The primary difference between the two differentials is that the Torsen differential has gears on the end of its longitudinally-mounted spur gears that connect the two axles. The helical differential, on the other hand, has the spur gears mounted horizontally, and they mesh together. While this doesn’t affect performance, this does slightly change the size proportions of each diff. The Torsen differential is a much taller one, while the helical differential is wider (and slightly weaker per pound).
Are Locking and Locked Differentials Best For Drifting?
Having a differential that can lock itself is good, but can also lead to unwanted locking.

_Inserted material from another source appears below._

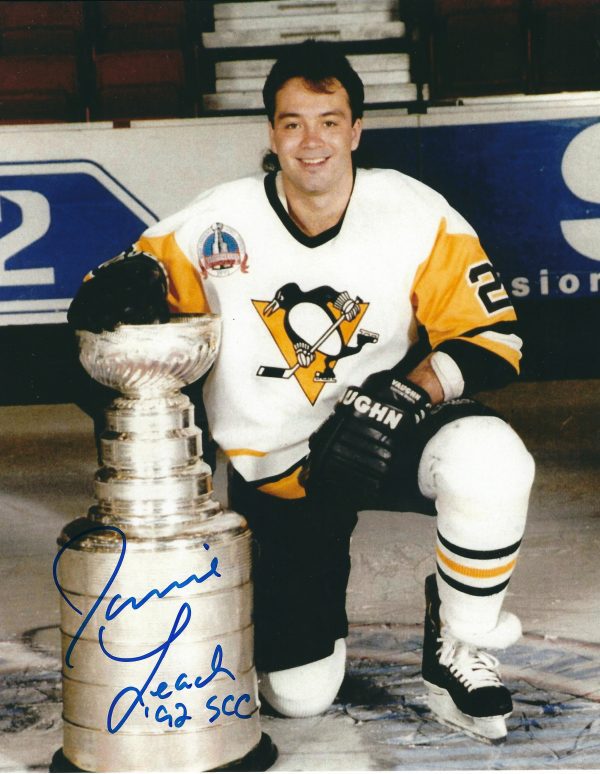 Autographed JAMIE LEACH 8x10 Pittsburgh Penguins Photo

If you’re prepared for the differential to be constantly locked, however, it’s extremely predictable. That’s what almost did in my S13 though, so be careful! Being able to lock and unlock your differential on command isn’t a new technology, but one that started in the off-roading community. Having one of your Jeep’s wheels in the air and an open differential is a recipe for disaster. Locking up that differential allows you to avoid the issue, putting power where it can be used.
Why would you use a locking differential in drifting though? While you’re sliding, there’s no reason for you to unlock your differential. If the car is a road car too, or even if your drift event has a tight parking lot, unlocking can help a lot. Daily driving with a locked differential isn’t the most convenient, nor is low-speed maneuvering with one. If you had the option to unlock the differential, though, you could daily it like a normal car, and lock it up when you’re ready to drift.

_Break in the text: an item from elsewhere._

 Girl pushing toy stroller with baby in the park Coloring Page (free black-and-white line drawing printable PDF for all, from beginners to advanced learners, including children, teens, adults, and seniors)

If you aren’t ready to shell out a decent chunk of change for a differential, however, you could go with a locked differential. Namely, a Spool differential. This type of differential’s purpose is solely to provide equal power to both wheels, permanently. While most commonly used in drag racing, a spool differential can easily be used in drifting, acting the same as a welded differential. A spool’s purpose is to remove the spider gears from your differential entirely, instead replacing them with one solid piece. This lets you bolt your ring gear to the face of the spool, and slot both axles into either end of it. Thus, constant power to both wheels.
Here we go, the main event! Welding your diff solid is a cheap, easy way to get power to both wheels equally. This is both the upside and the downside, as it locks your axles together. While drifting, this is extremely useful, as it’s the most predictable differential. On the street, and in low-speed maneuvering, this puts incredible amounts of stress on the vehicle. I almost trashed my ’91 240sx by underestimating the effects of a welded differential.

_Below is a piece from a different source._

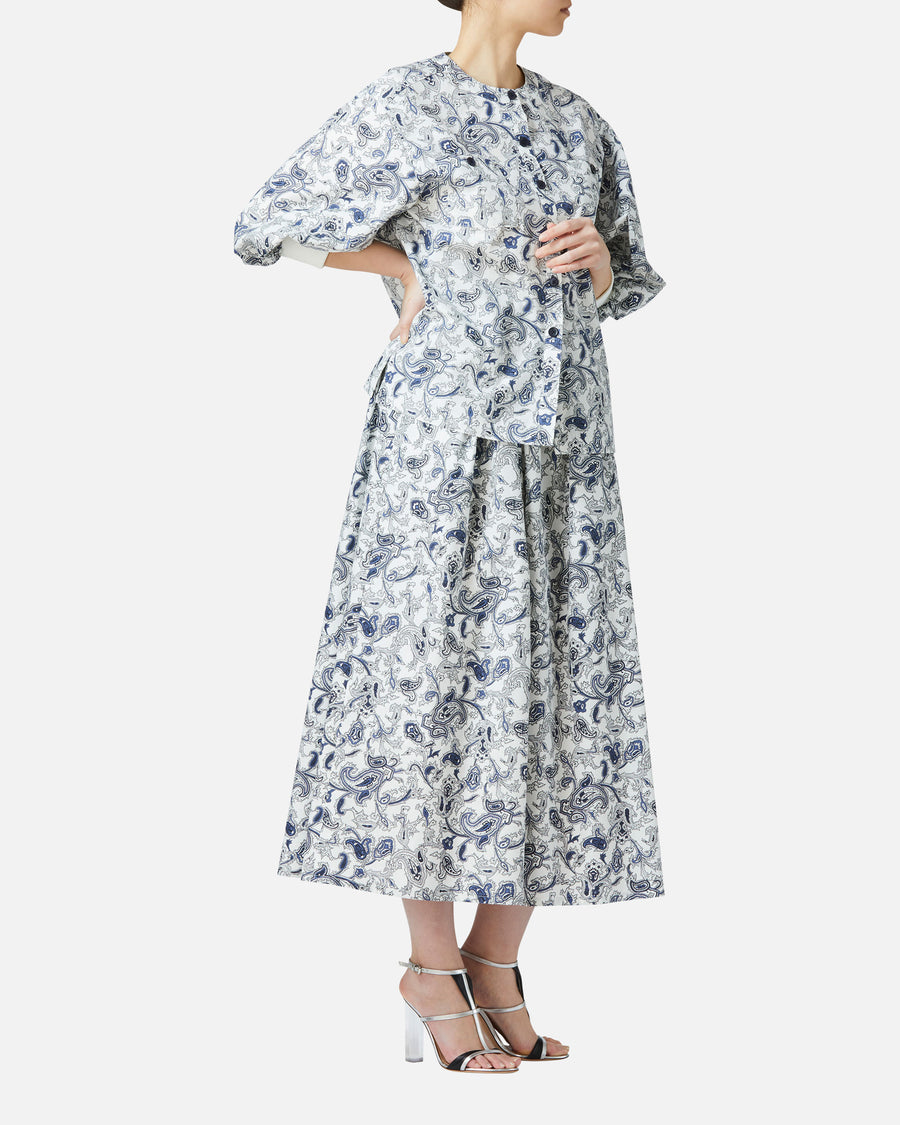 ペイズリープリントパフスリーブブラウス / Puff Sleeve Blouse with Paisley Print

As long as you’re on top of your maintenance, and consistently inspect your vehicle, you should be OK with a welded diff on the street. For drifting, as long as the welding job is quality, you shouldn’t ever have issues with it.
Torque Vectoring Differentials
The technology behind Torque Vectoring Differentials has been out for a long time. From skid steers to tanks, we’re surrounded by it. However, use in automobiles is fairly new, with the first patented design coming in 2006, and first being seen in the Lancer Evolution. As seen in the video, when the white Evo lifts a wheel at 1:54, it’s still able to pull itself out of the ditch. The torque vectoring differentials put all the engine’s power to the wheels on the ground, shoving the car forwards. In low-grip scenarios, this is incredibly useful, as well as for off-road motorsports.
For drifting, however, this technology is not idea. If one wheel is receiving more torque than the other, that could lead to a very unstable or imbalanced drift. You’d be much better off with a welded differential or a mechanical LSD.